My setup:
I have 16S V4 amplicon sequences using 515F–806R primers. Samples are extracted from soil. There are about 6 million reads across 74 samples. Reads are paired end 2x300bp. Running QIIME2 2019.10 in a conda environment.
Problem:
When I run DADA2 I'm finding I lose a lot of reads - around 80% by the end of the chimera removal step.
The biggest drop is during filtering when I lose 50%.
What I've done already:
I've read through the DADA2 tutorial and three QIIME2 tutorials (Atacama, Moving Pictures, and FMT) and several forum posts.
- trimmed reads need to overlap enough to merge. As I understand it, the V4 regions is generally less than 400 bp so my trimmed lengths below are pushing the limits and I probably shouldn't shorten them anymore. I've tried not trimming at all, but I get fewer reads in the end (which makes sense because more errors).
- Shortening the reads should remove more errors and increase the number of reads. This seems true - when I shortened the reverse reads from 160 to 140 I squeezed in a couple more percentage points of reads.
- Increasing the
--p-max-ee
should increase the number of reads. I'm hesitant to relax this parameter, but I could still try that. - In some circumstances, tossing the reverse reads (if they're low quality) and just keeping the forward reads can increase coverage because you lose fewer from merging. Haven't tried this yet.
Command:
qiime dada2 denoise-paired
--i-demultiplexed-seqs demux.qza
--p-trim-left-f 0
--p-trim-left-r 6
--p-trunc-len-f 290
--p-trunc-len-r 140
--o-table table.qza
--o-representative-sequences rep-seqs.qza
--o-denoising-stats denoising-stats.qza
--p-n-threads 6
--p-max-ee-f 2
--p-max-ee-r 2
I have already read through some forum posts:
With this one, I'm using the default –p-trunc-q
value so I don't think it applies. Although, they do suggest just using the forward reads.
This one says "9000 sequences is plenty" so maybe my 10,000-20,000 reads per sample is "fine." However, I don't feel good about that metric. In these highly diverse communities I would like to accurately represent the diversity without wantonly tossing reads.
Questions:
- Is losing 80% of reads high or is that typical? What about 50% during filtering?

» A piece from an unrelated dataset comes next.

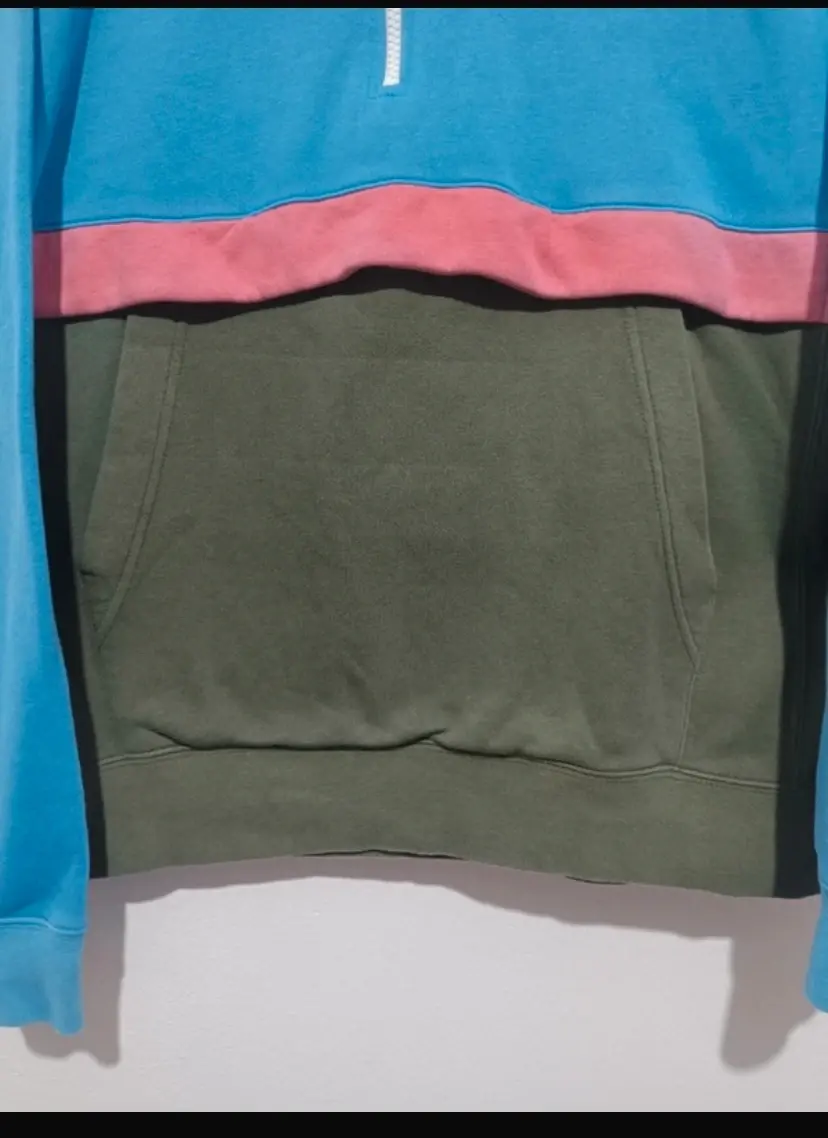 Sudadera con capucha y media cremallera Nike talla M, foto 2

- Are my trimming parameters leaving enough overlap and could I trim them more to reduce errors?
- Should I try adjusting max-ee or is that frowned upon? Will that hurt my merge step?
- Would my data be worth running just the forward reads and not trying to merge forward and reverse?
- Anything else I haven't considered?
My data:
demux.qzv (297.3 KB)
denoising-stats.qzv (1.2 MB)
Thank you!